Maayke-Aimée Damen is a passionate advocate for sustainability and dreams of a world where waste does not exist. To turn this into a reality, she co-founded ‘Excess Materials Exchange’ (EME) which aims to reinstate waste to the valuable resource that it is by developing a circular economy and turning their waste to wealth. EME has created a secured marketplace, where companies can exchange any type of excess materials, business to business. Functioning as a dating site, EME uses data to match supply and demand and help identify the highest reuse potential for any given material. Maayke-Aimée Damen is a member of the Advisory Board of the Sustainability and Innovation Fund Port of Amsterdam, Project Manager at INSID, and Member of the Young Club of Rome. She was also the winner of the Dutch Singularity University innovation contest with the idea of a “Google for Materials” which she developed into the ‘Resource Passport’ that has now been made into Dutch and European policy.
Can you explain the concept behind a circular economy and the main benefits of it?
A circular economy is restorative and regenerative by design. Relying on system-wide innovation, it aims to redefine products and services to create value, design without waste, while minimising negative social & environmental impacts. This is how we like to describe a circular economy. It is not regenerative by accident but by design!
Think about a tree. During it lifetime it fulfils various functions and when it dies, no part of the tree goes to waste. There are numerous functions that this tree still provides to its surrounding environment after it has died, ranging from food and shelter to prevention of soil erosion. We would like to reconstruct our economy to replicate this zero waste model.
What kind of impact has your organisation had for its clients and for the environment?
In 2018 we conducted our pilot. In this pilot we worked together with a consortium of leading Dutch companies such as Schiphol, DSM, Sodexo, Tarkett, Ahrend, Prorail, Rijkswaterstaat, Heembouw and Aquaminerals. We successfully analysed their excess flows through mapping them in our resource passports and found new destinations for their waste that would see it turned into considerable value. With the realisation of these alternative destinations for their material streams, we will have the following impact:
- A carbon reduction of equal to 843 car rides from Amsterdam to Copenhagen.
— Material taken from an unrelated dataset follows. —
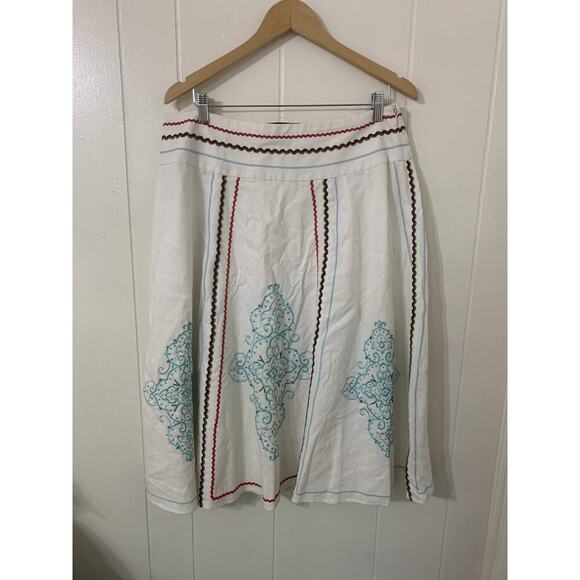 Saint Tropez Clothing Dresses & Skirts - Saint Tropez West Linen Skirt Size 12 Embroidered Rickrack Trim Retro Boho Beach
This equals the total number of inhabitants of Amsterdam.
- An energy reduction equal to the amount of energy needed to light the municipalities of Amsterdam, Rotterdam and The Hague for 5 years.
- A water footprint reduction of the total water use of 10,891,274 or 64% of all Dutch inhabitants.
- A quantified environmental profit of €1.4 million.
- Organisational change trajectories where companies have set up a separate circular economy team operating across different business units or innovative collaborations with supply chain partner.
How far do you think a circular economy could go to answer to the world’s sustainability issues?
Right now 95% of the material and energy value of resources is lost after a single use. Value-retention practices such as remanufacturing, refurbishment, repair and direct reuse could cut industrial waste by 80 to 99 percent in most sectors. Greenhouse gas emissions could fall by 79 to 99 percent across these sectors if value-retention practices were adopted. The Ellen MacArthur Foundation calculated that a transition to the circular economy in Europe could generate €1.8 trillion in value. Also the results of our pilot project mentioned prior shows that transitioning to a circular economy has a significant impact on the reduction of overall carbon emissions. Hence, transitioning to a circular economy will greatly support the effort to move to a completely sustainable economy.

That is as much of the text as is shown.